§ **Task brief**
A faithful, word-for-word copy of the data below is required, without pictures.

Entries taken from a collection
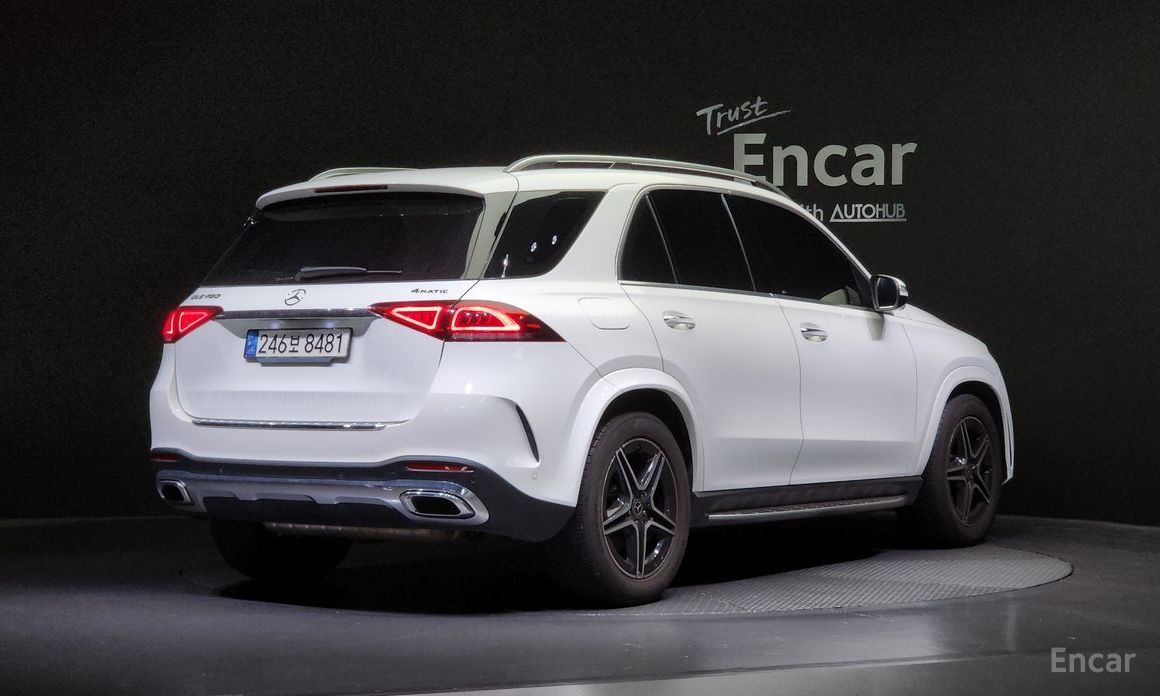 Mercedes-Benz GLE-Class W167GLE450 4MATIC №3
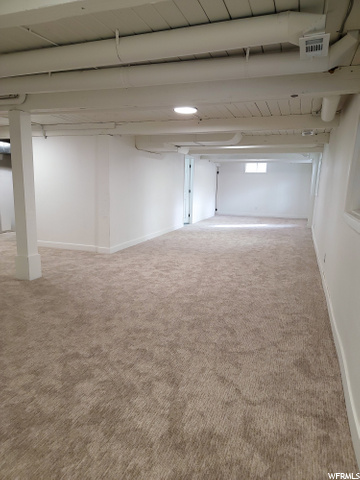 Basement family room/ living room
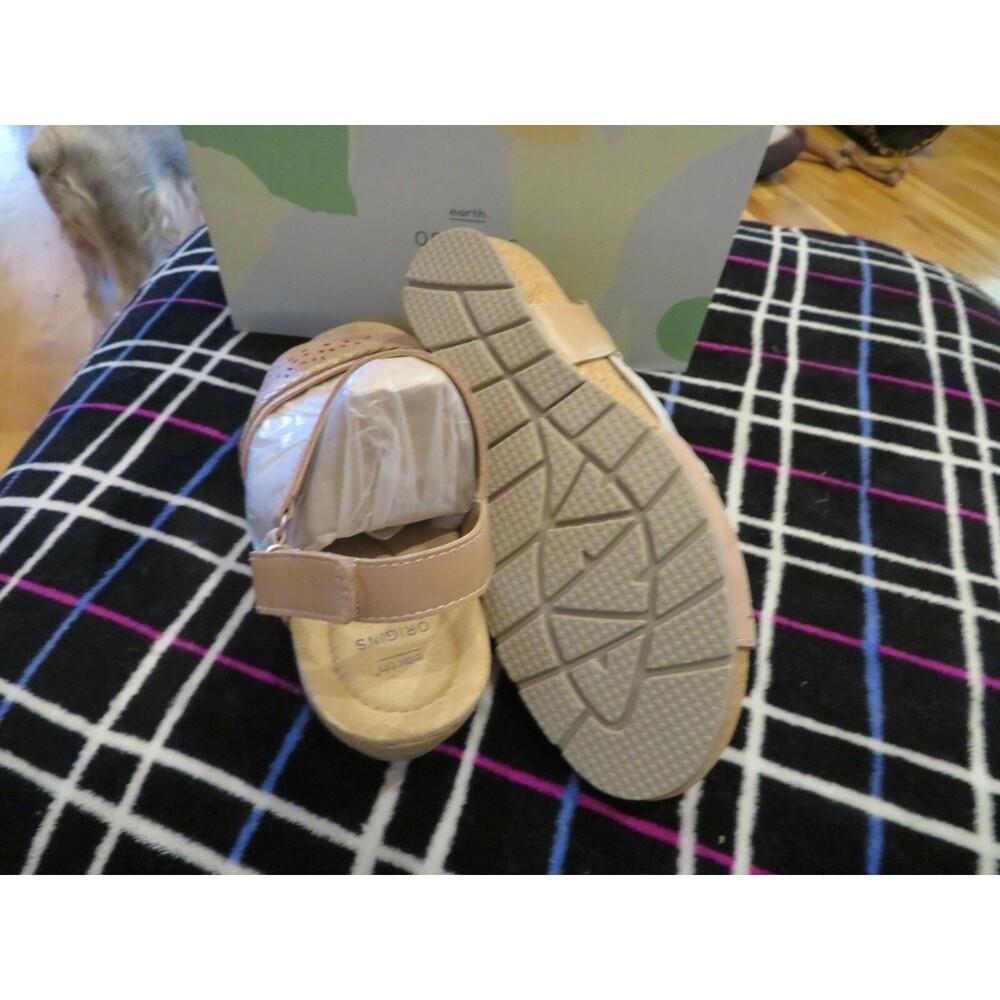 NWT Womens Blush Earth Origins Linden Laguna Sandals, 10 - Picture 3 of 3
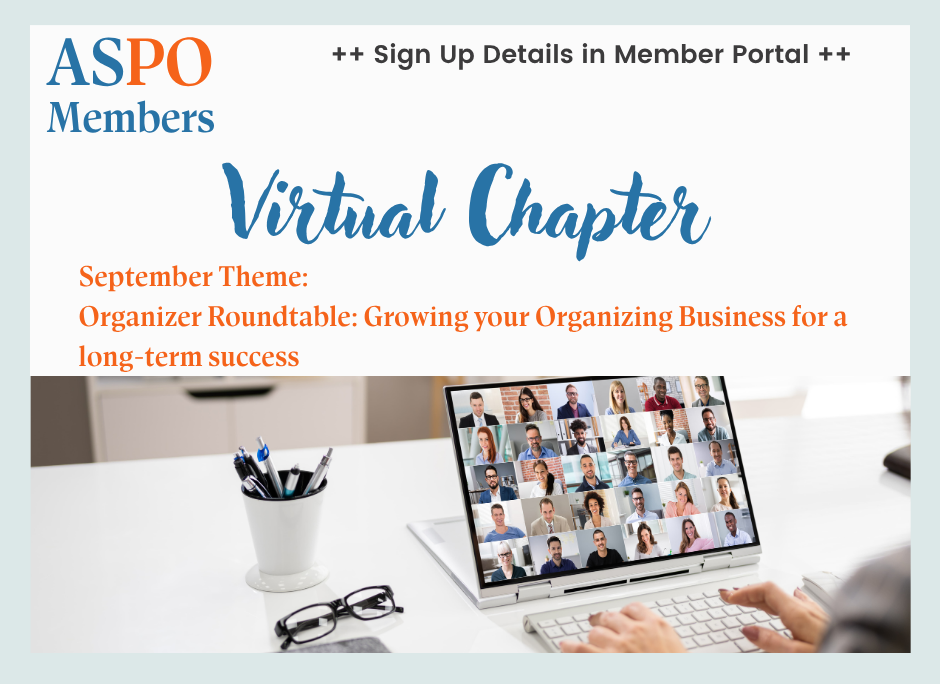 ASPO Virtual Chapter Meeting September 2026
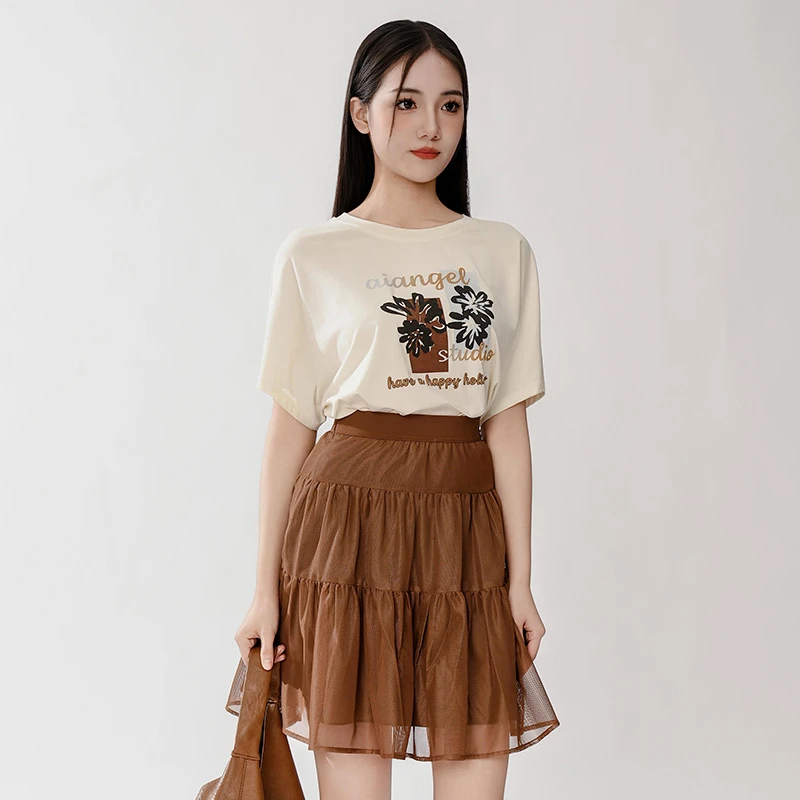 【小北专属】时尚简约短袖T恤842325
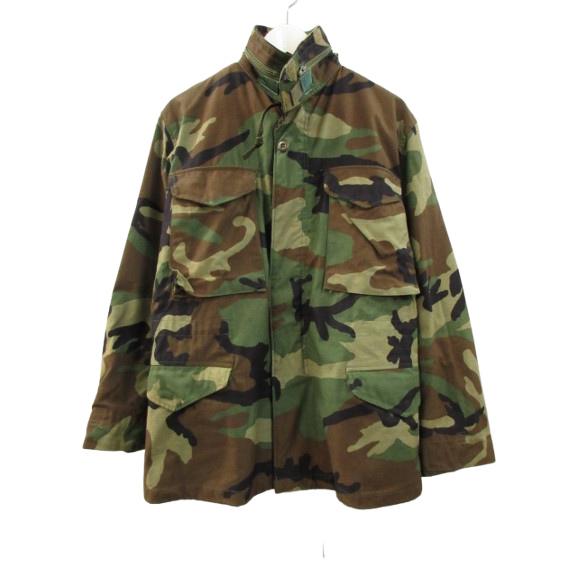 ヴィンテージ VINTAGE U.S.ARMY 米軍 80s M-65 フィールドジャケット ウッド...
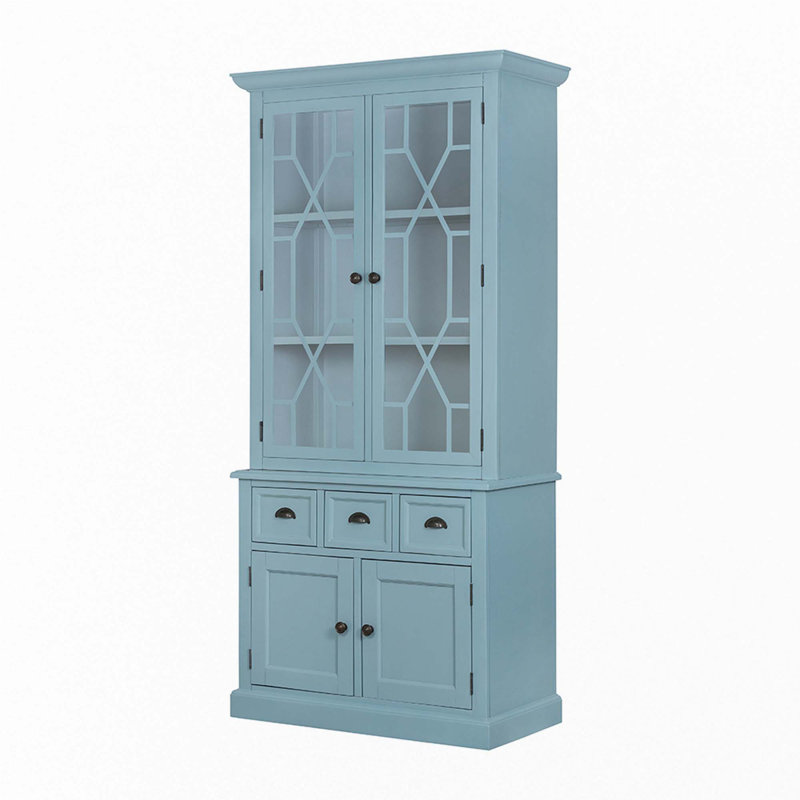 Accent Cabinet, Blue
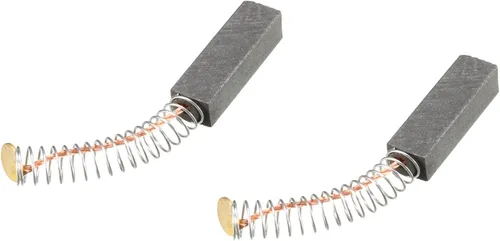 Miniatura 11 de DMiotech Paquete de 2 cepillos de carbono de 0.512 in x 0.157 in x 0.157 in para motor eléctrico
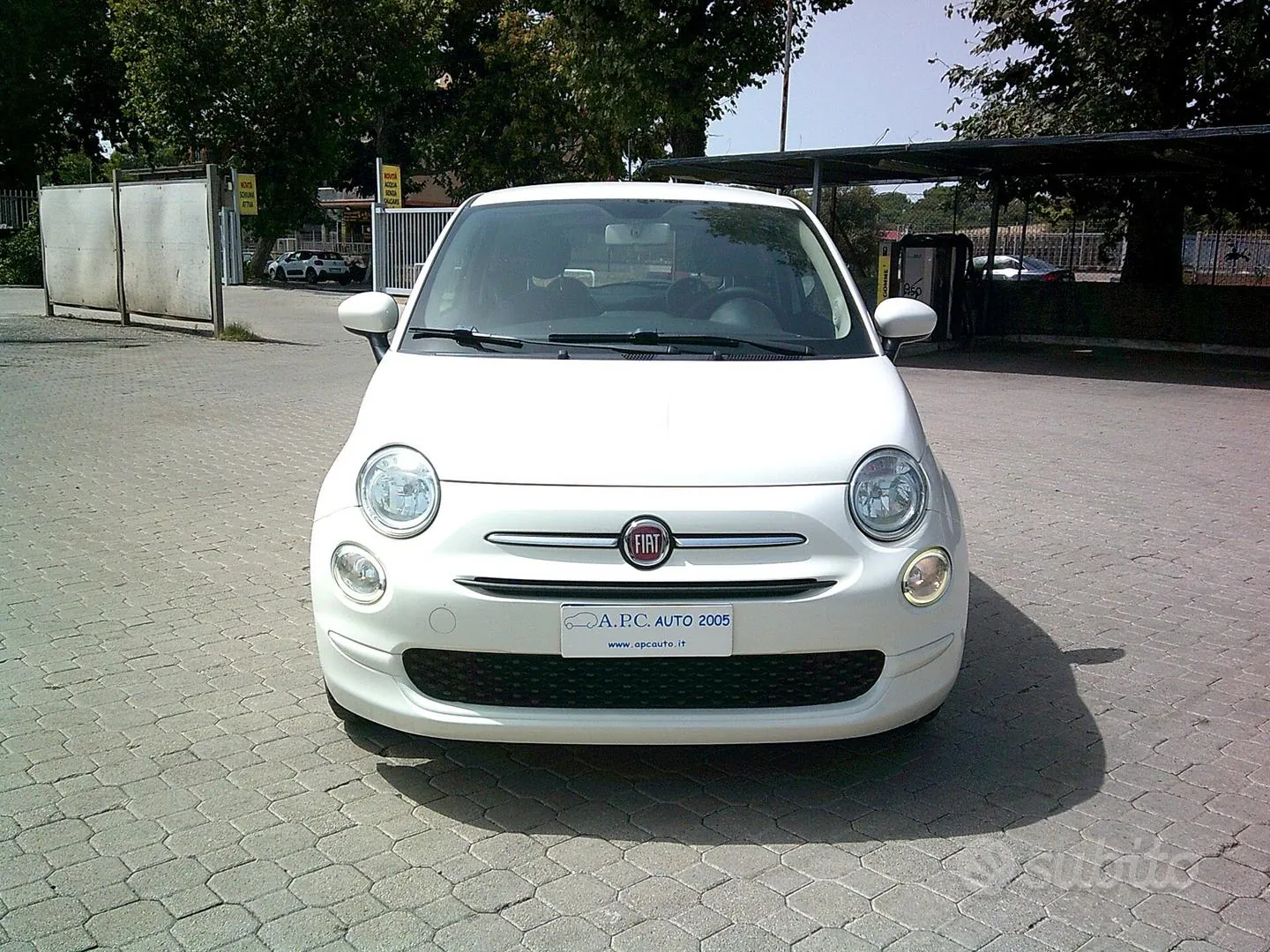 Fiat 500 2018 photo 2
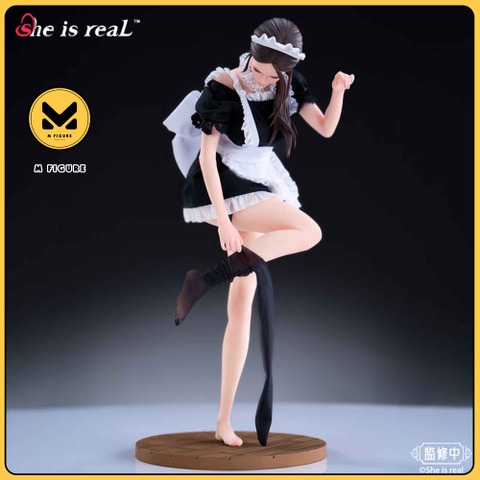 [Pre Order] MÔ HÌNH She is real Water Droplet Maid 1/6 Complete Figure(BearPanda) FIGURE CHÍNH HÃNG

§ **Reply to the exercise**
 Mercedes-Benz GLE-Class W167GLE450 4MATIC №3
 Basement family room/ living room
 NWT Womens Blush Earth Origins Linden Laguna Sandals, 10 - Picture 3 of 3
 ASPO Virtual Chapter Meeting September 2026
 【小北专属】时尚简约短袖T恤842325
 ヴィンテージ VINTAGE U.S.ARMY 米軍 80s M-65 フィールドジャケット ウッド...
 Accent Cabinet, Blue
 Miniatura 11 de DMiotech Paquete de 2 cepillos de carbono de 0.512 in x 0.157 in x 0.157 in para motor eléctrico
 Fiat 500 2018 photo 2
 [Pre Order] MÔ HÌNH She is real Water Droplet Maid 1/6 Complete Figure(BearPanda) FIGURE CHÍNH HÃNG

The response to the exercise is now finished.